* Information:
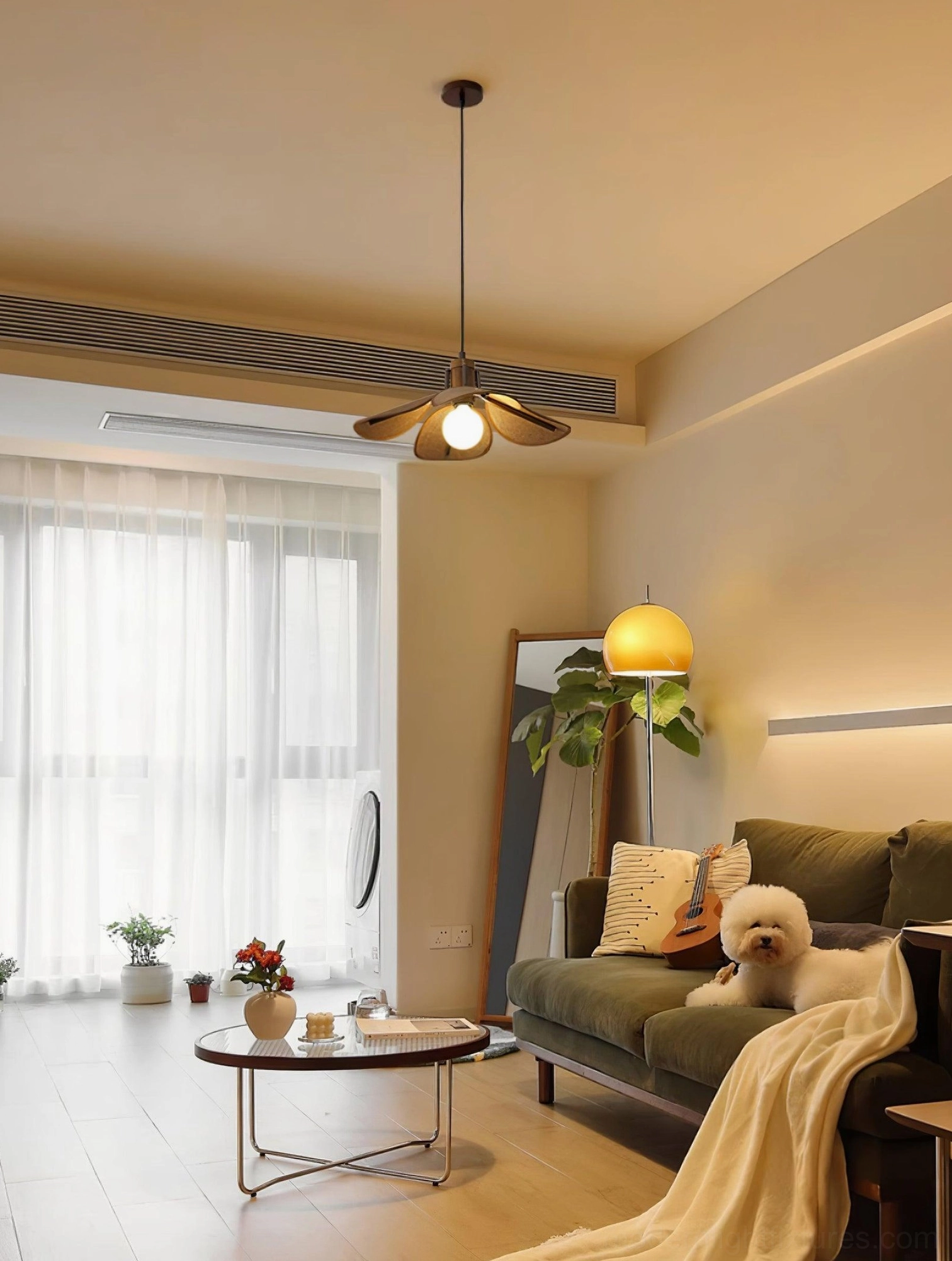 Woven rattan pendant shade with visible bulb socket and dimmer switch compatibility feature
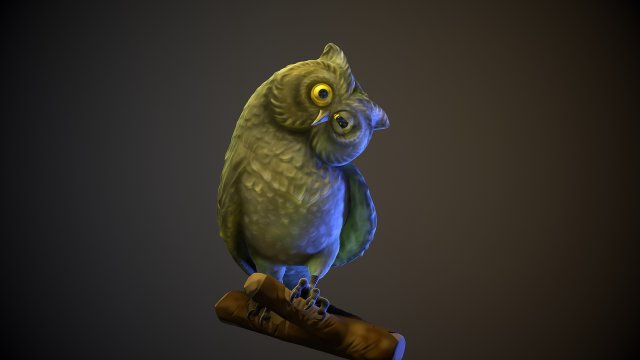 owl printready 3d print model in toys 3dexport eagle-owl bird nature sculpture statue animal fowl predator toy 3D print model - Mito3D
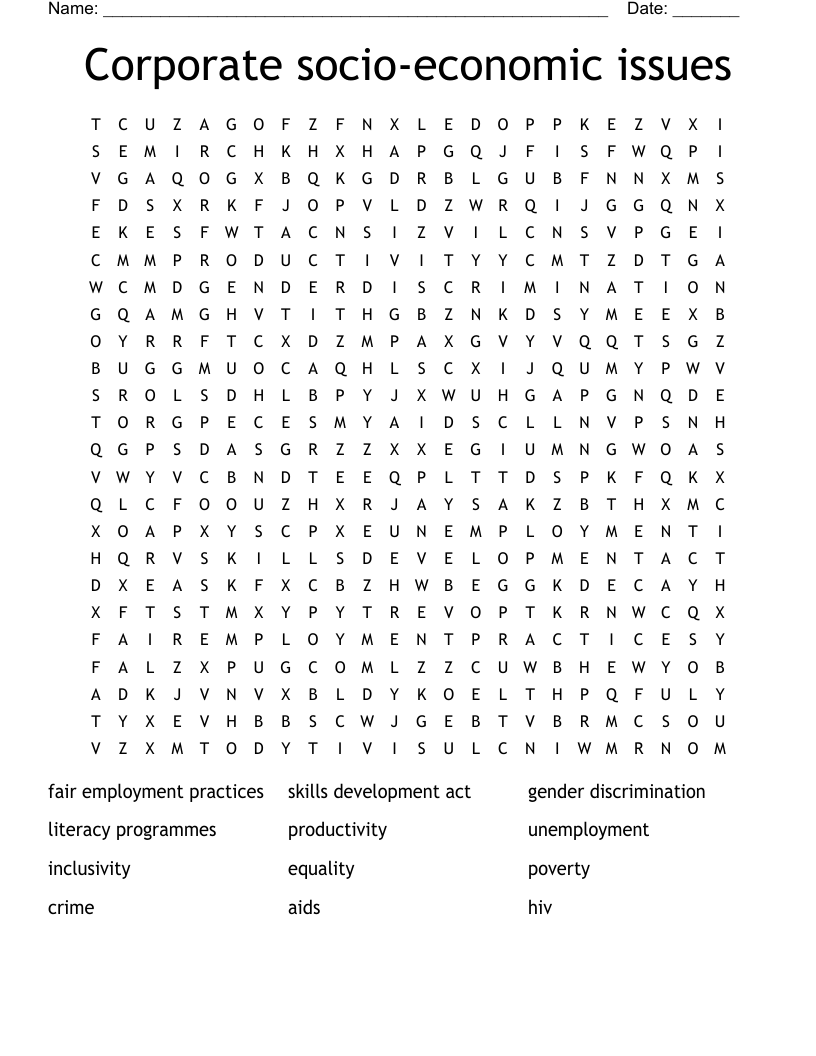 Corporate socio-economic issues Word Search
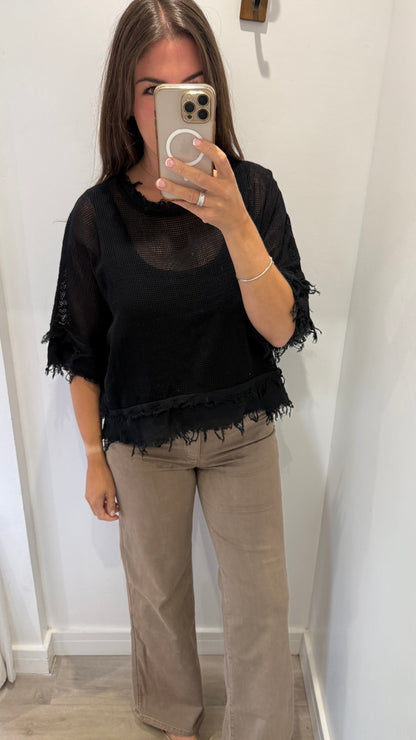 RAW EDGE WAFFLE TOP – BLACK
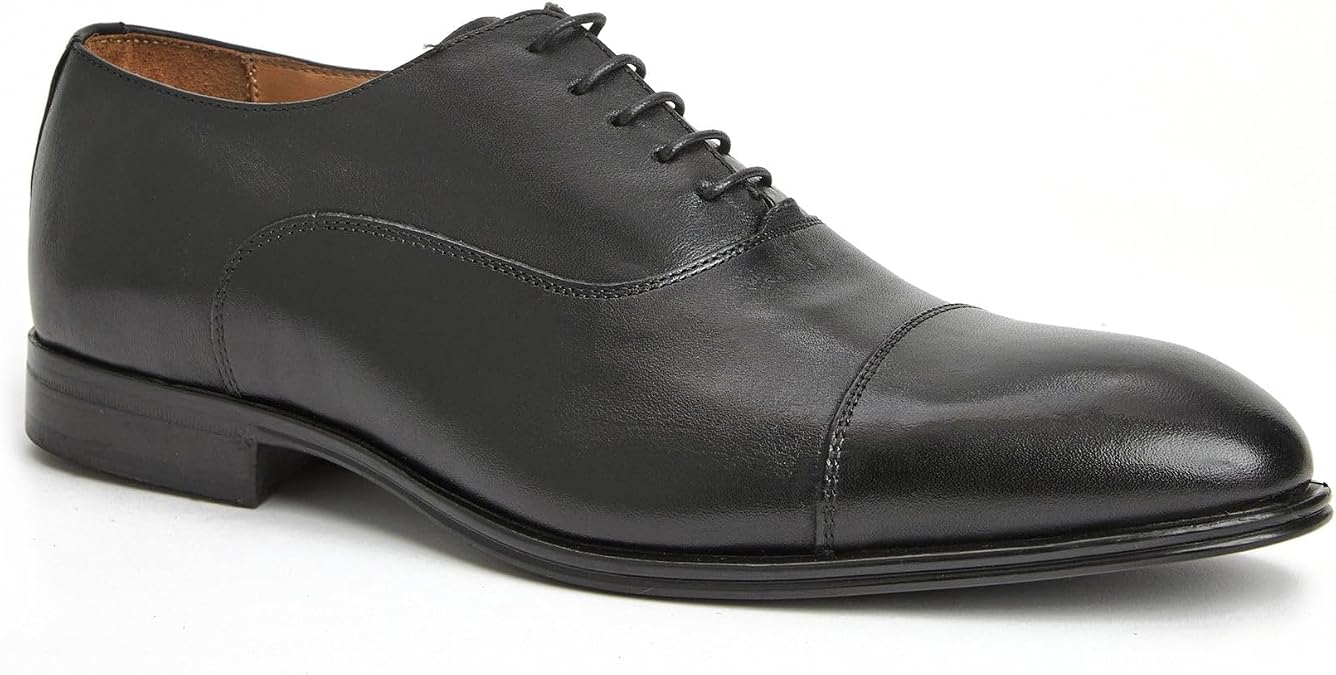 Bruno Magli Men's Adriano Oxfords, Leather Dress Shoes with Cap Toe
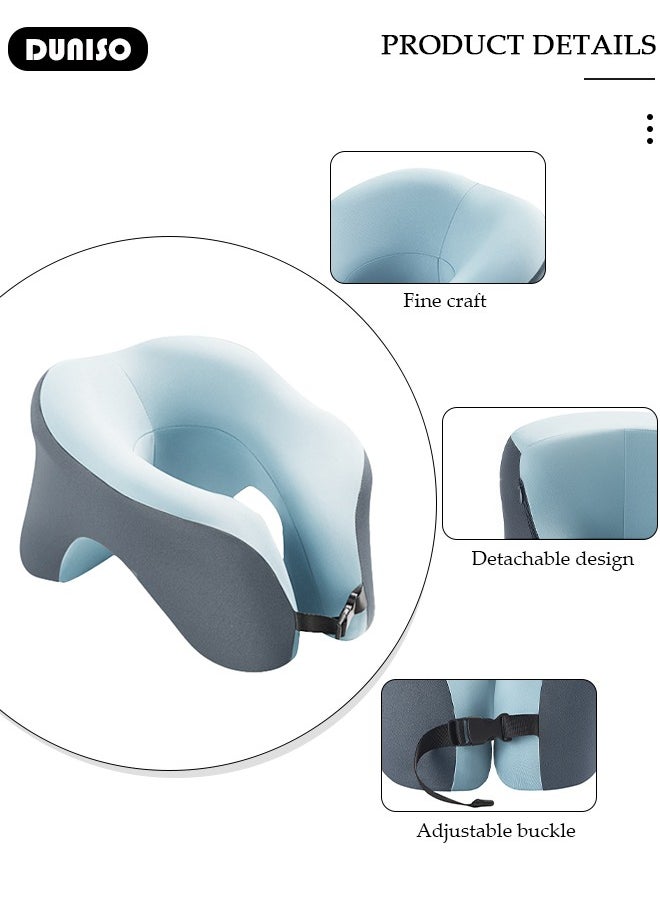 2-in-1 Travel Pillow, U-Shape Neck & Head Memory Foam Support Pillow, Napping Pillow, Face Down Pillow Relax Arms, Ergonomic Memory Foam Neck Pillow for Long Flight Essentials, Car, Train, Bus and Home Use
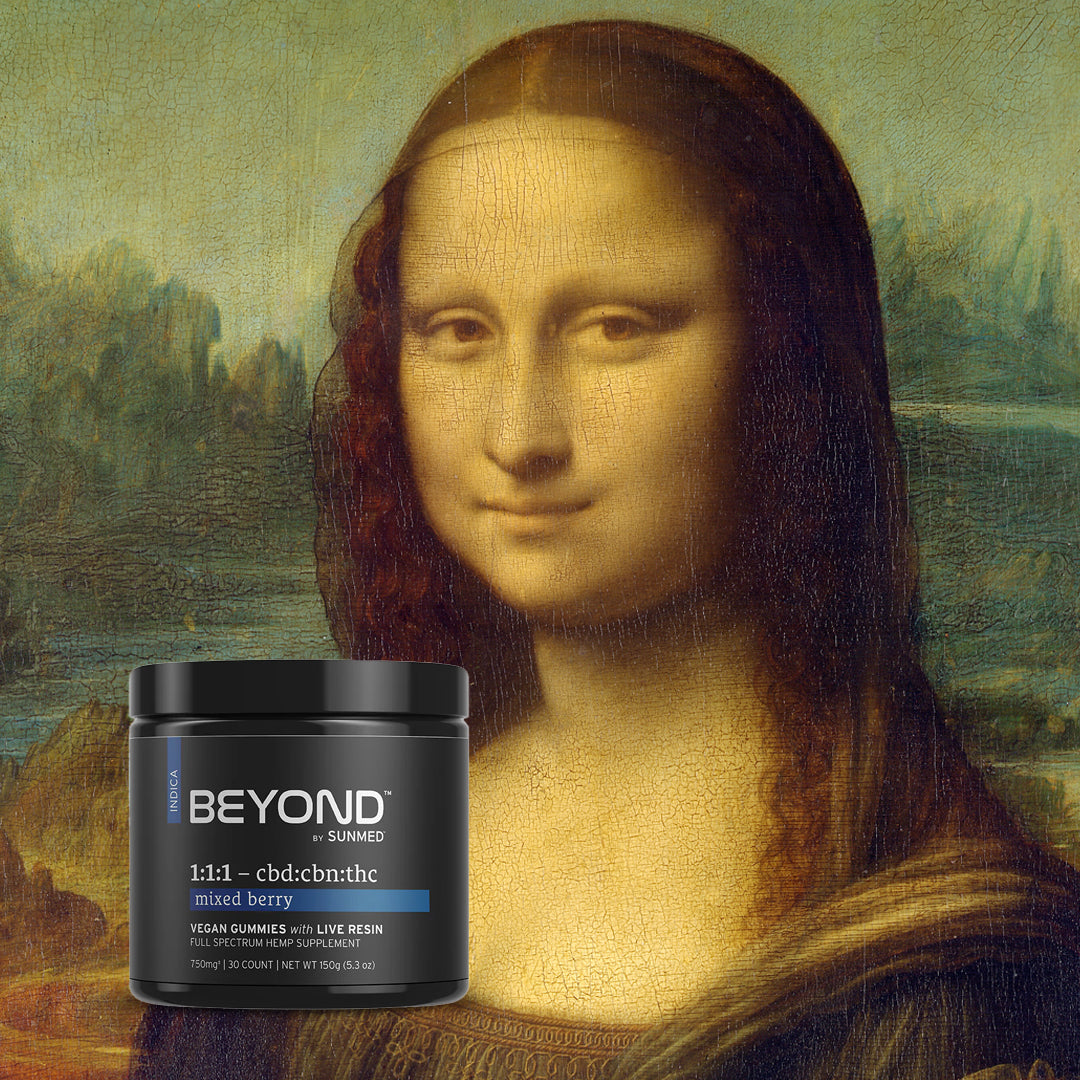 The Mona Lisa with a jar of Sunmed CBD Beyond 1:1:1 Indica Live Resin Gummies in the foreground.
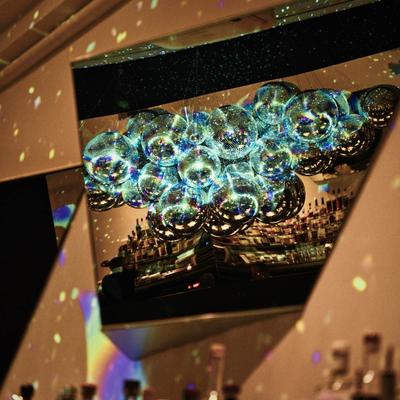 Decorative glass light installation.
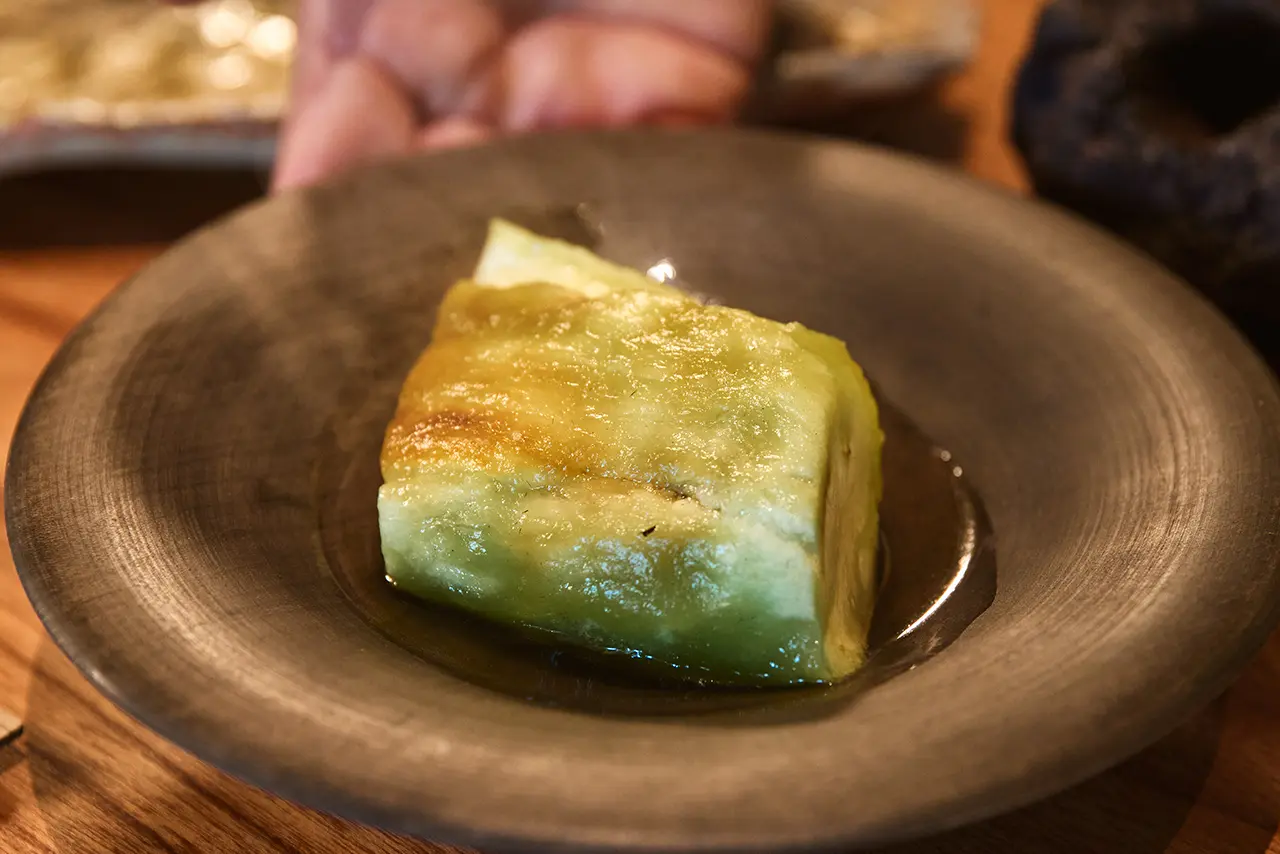 Charcoal-grilled Eggplant, Shiso, and White Miso sauce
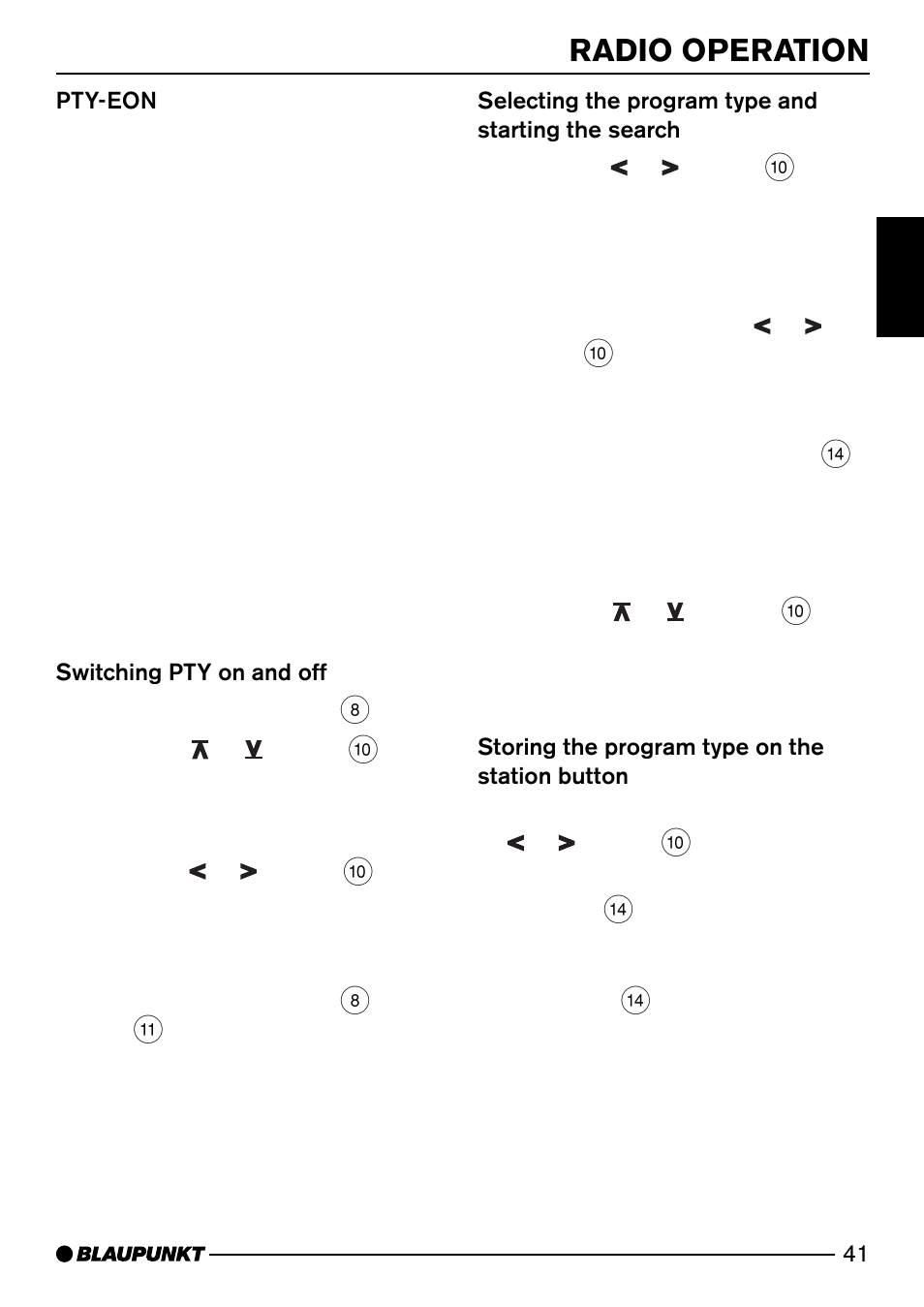 Radio operation | Blaupunkt PALM BEACH C51 User Manual | Page 14 / 30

* What needs to be done:
Except for the pictures, copy the material above exactly.

* Problem solution:
 Woven rattan pendant shade with visible bulb socket and dimmer switch compatibility feature
 owl printready 3d print model in toys 3dexport eagle-owl bird nature sculpture statue animal fowl predator toy 3D print model - Mito3D
 Corporate socio-economic issues Word Search
 RAW EDGE WAFFLE TOP – BLACK
 Bruno Magli Men's Adriano Oxfords, Leather Dress Shoes with Cap Toe
 2-in-1 Travel Pillow, U-Shape Neck & Head Memory Foam Support Pillow, Napping Pillow, Face Down Pillow Relax Arms, Ergonomic Memory Foam Neck Pillow for Long Flight Essentials, Car, Train, Bus and Home Use
 The Mona Lisa with a jar of Sunmed CBD Beyond 1:1:1 Indica Live Resin Gummies in the foreground.
 Decorative glass light installation.
 Charcoal-grilled Eggplant, Shiso, and White Miso sauce
 Radio operation | Blaupunkt PALM BEACH C51 User Manual | Page 14 / 30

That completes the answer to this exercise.